Skip site navigation (1) Skip section navigation (2)

Insert/Update/Select large XML files(hstore?)

From: Raju Angani <angani(at)gmail(dot)com>
To: pgsql-admin(at)postgresql(dot)org
Subject: Insert/Update/Select large XML files(hstore?)
Date: 2012-08-16 06:25:08
Message-ID: CAJ-04OoZVyjjiuDtnzUKUiC65X4jEB=E4b--UdDXii=p8xksVQ@mail.gmail.com (view raw or flat)
Thread:
Lists: pgsql-admin
Hi pg gurus,

I'm very new into postgres, and I need some help on handling large xml
files(20k lines or 1MB size) within the postgres database. Today we are
using xDB(from EMC) to handle this data. Overall xDB is good, but it has
got some serious limitations.
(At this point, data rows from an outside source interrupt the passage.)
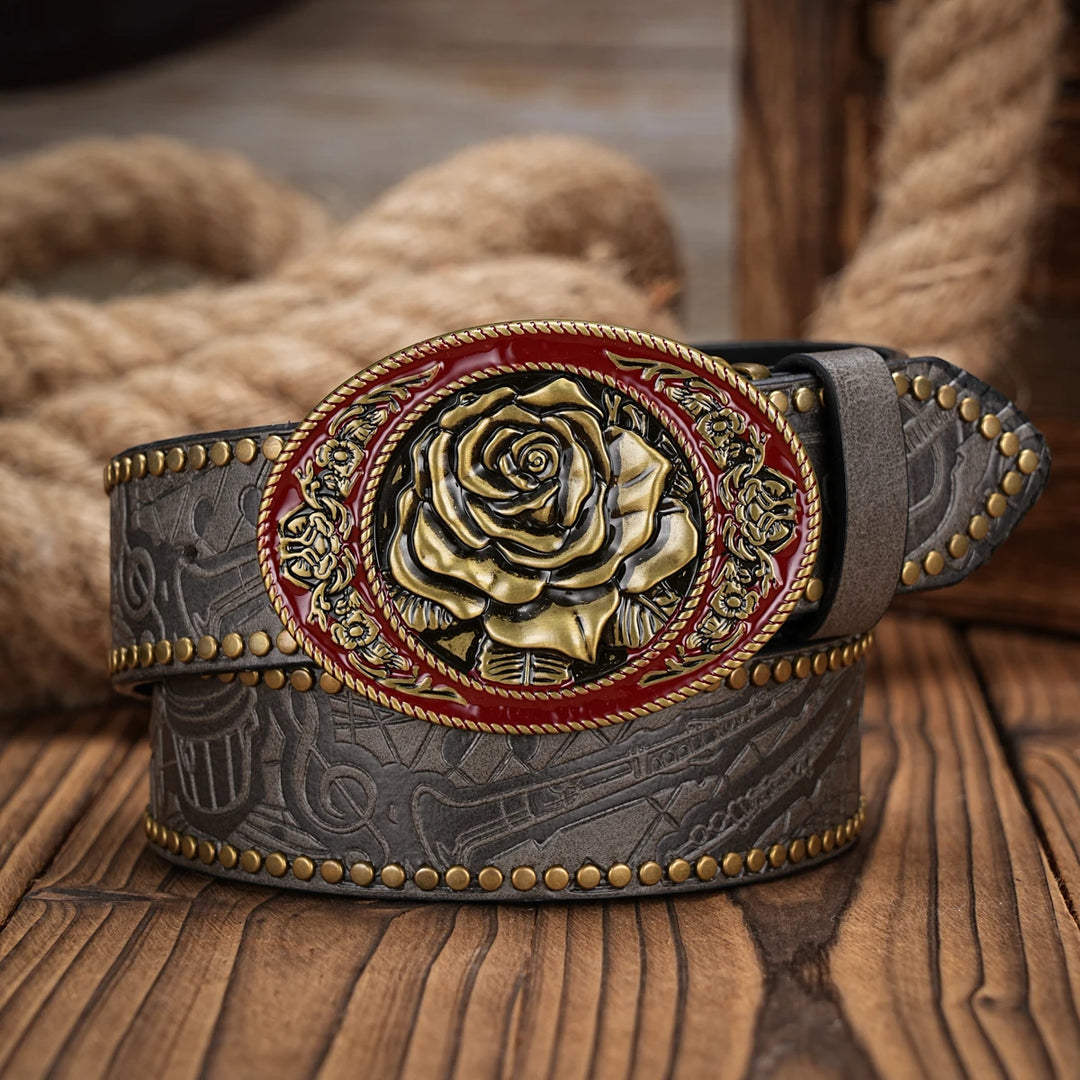 Boucle de ceinture Western, taureau, modèle Otis - La Boutiqu Boucle de ceinture Western, taureau, modèle Otis - La Boutiqu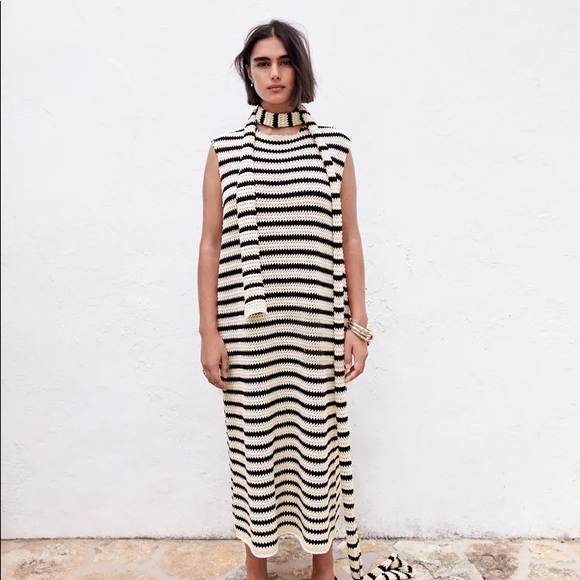 🌟LAST CHANCE🌟Zara oversize knit dress - Picture 3 of 9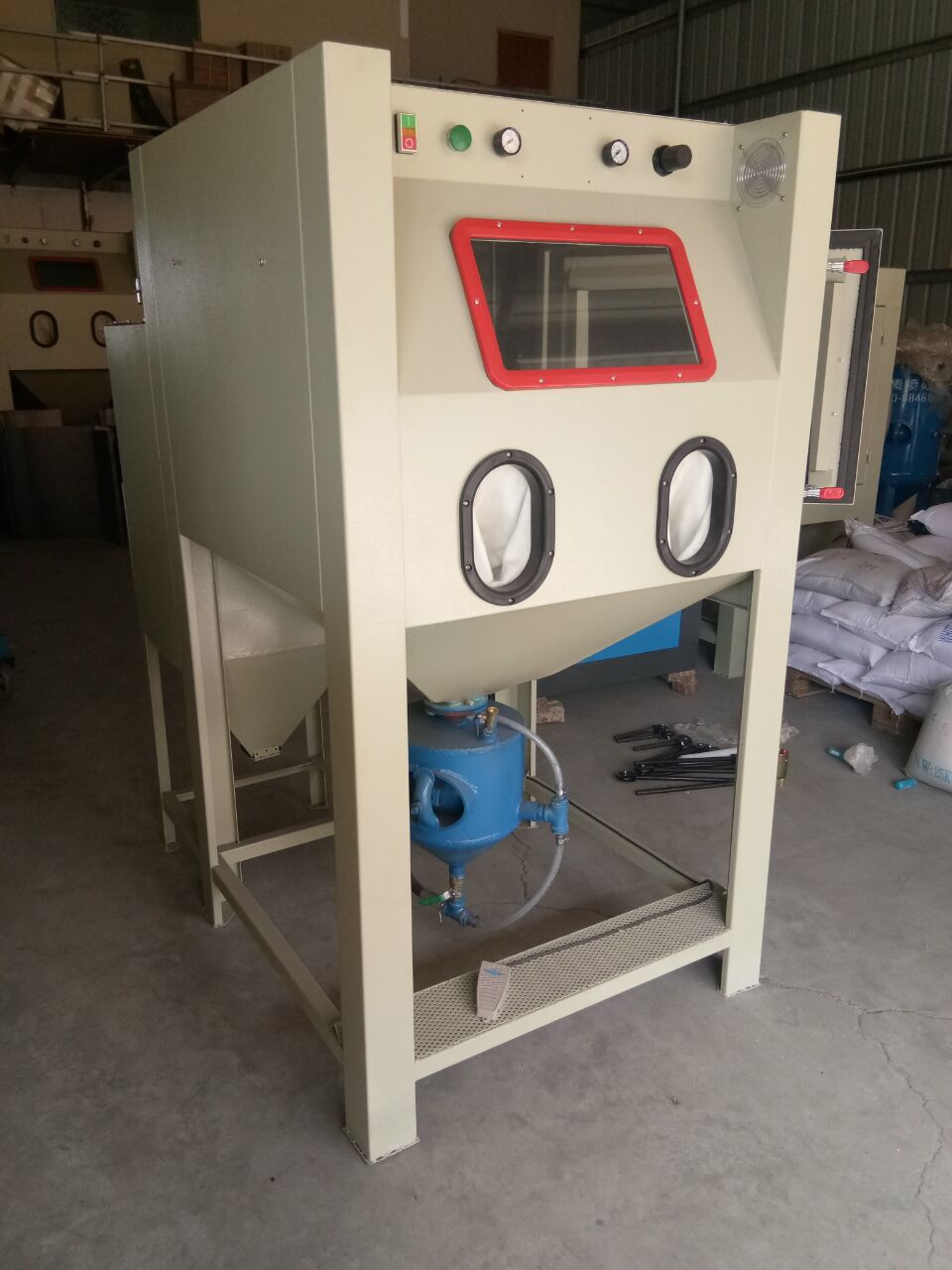 噴砂機(jī)圖片/噴砂機(jī)樣板圖 (4)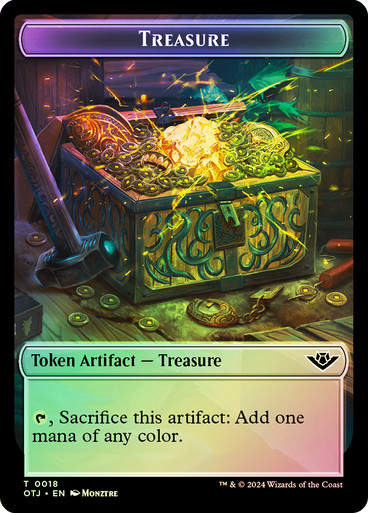 Treasure // Varmint (TOTJ) / Foil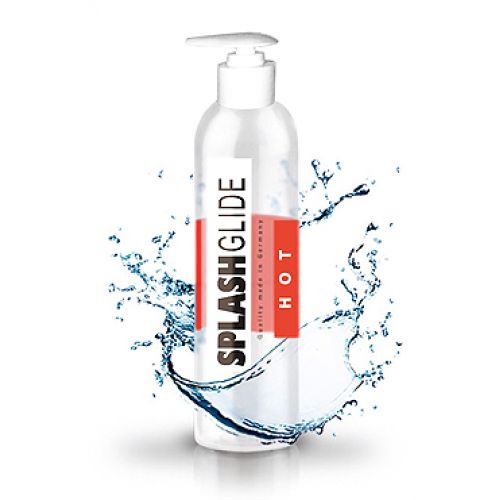 Возбуждающий гель-лубрикант SPLASHGLIDE HOT STIMULATIVE - 250 мл. - Splashglide - купить с доставкой в Орехово-Зуево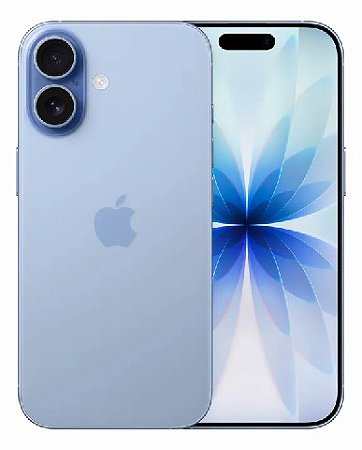 Apple iPhone 17 256GB - Azul-Névoa - Tela 6.3" - 8GB RAM - Esim - 48Mp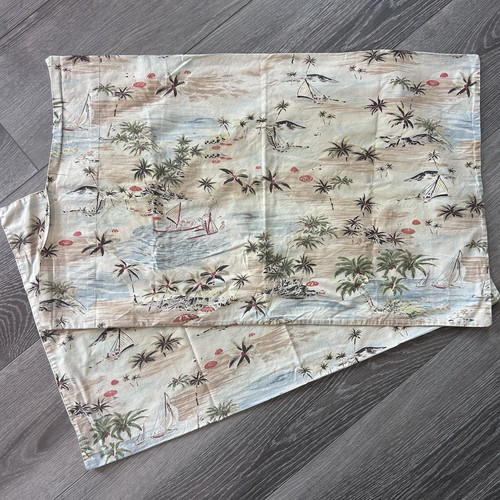 Pottery barn cotton - pottery, tropical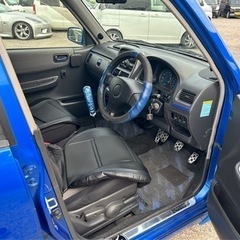 【支払総額19.8万円】プレオRSスーパーチャージャー5速MT車検令和6年6月 機関良好 タイベル交換済み 社外マフラー エアコンバッチリの画像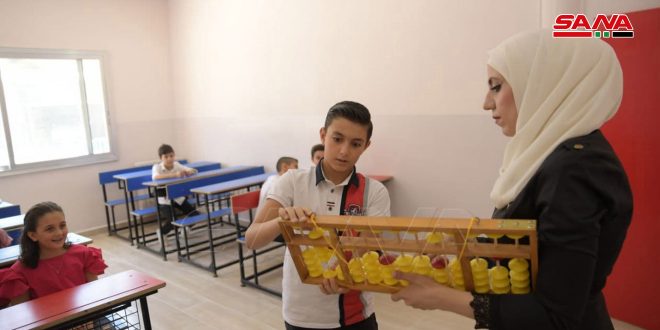 طلاب حلب يحرزون المركز الأول في البطولة الأوروبية المفتوحة للحساب الذهني.موقع أصدقاء سورية.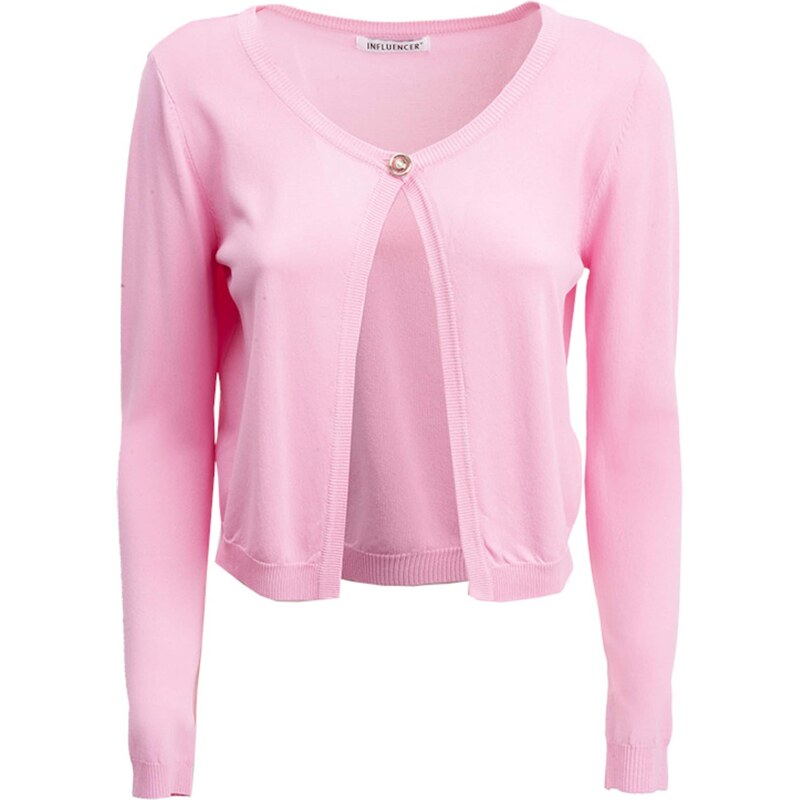 Influencer Kardigán rosé 67499281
I would like to explore hstore or xml
datatype in postgres to do a POC, and my case is to prove postgres can
handle this kind of data seamlessly.

Could someone point me in the right direction on how to achieve my goals.
1) Fast inserts/updates
2) Select data seamlessly
3) Support adhoc queries(there could be 20k documents of size 300kb~1024kb
each),
e.g.: select all the matching attributes of device scsi from all 20k
documents.


Sample data from my xml files. I could have massive xml doc in this format.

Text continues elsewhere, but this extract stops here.